Answering the last bit: "What about those ideas ... which carry a significant risk, but also could yield a significant reward?"

This is perhaps the key question for developing any strategy. This dilemma is not limited to this one exercise! It's the classic "risk/reward" question.

There's a lot of literature on this, some of which is conflicting (of course!). One common example is "Three Horizon Planning," which (I'm bastardizing it for the sake of simplicity) asks you to separate work/projects/ideas into three "future horizons": H1=running the business, zero-risk stuff you know is useful, selling the same product to the same customers; H2=new products sold to the same customers and market, so more risk but more reward; H3=new products sold into new markets, new customers, so maximum risk but also maximum reward, potentially entirely new business units.
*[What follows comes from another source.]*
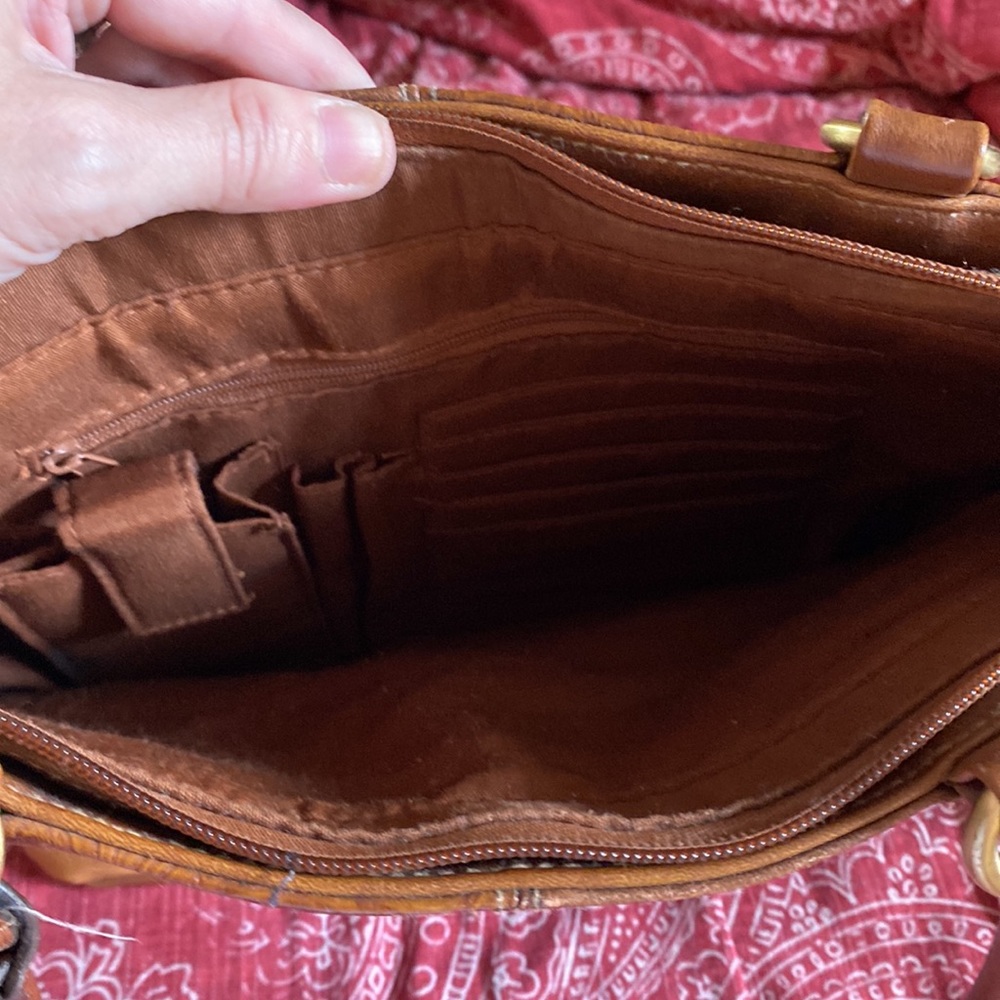 Handbag - Picture 8 of 10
So for example, Google optimizing search is H1, Google adding "Diagrams" to the suite that already contains "Docs and Sheets" is H2, and Google launching GCP or buying YouTube is H3. Then the idea is that you should have proportional investment in these areas; for example 70/20/10 on H1/H2/H3. Finally, you want different processes and expectations for each thing, since "stuff we should be able to predict" should not carry the same expectations as "stuff with high variance that we cannot predict."

Another rule of thumb I like is to find bets that are very asymmetric, i.e. the potential upsides are orders of magnitude larger than the potential downsides. The stock market or VC works like this, because the most an investor can lose by buying stock is 100% of the investment, but there is no limit to the upside. If possible, you'd multiply those by the probability that they occur, but in my experience, we're all very bad at knowing the probability. :-) So, maybe not so much about the specific numbers, but the broad notion that one should be _orders of magnitude_ larger, not just a little larger -- that's something which should be apparent even without a lot of analysis.

In any event, this is a great question, and it's important for any strategic thinking, not specifically connected to this exercise.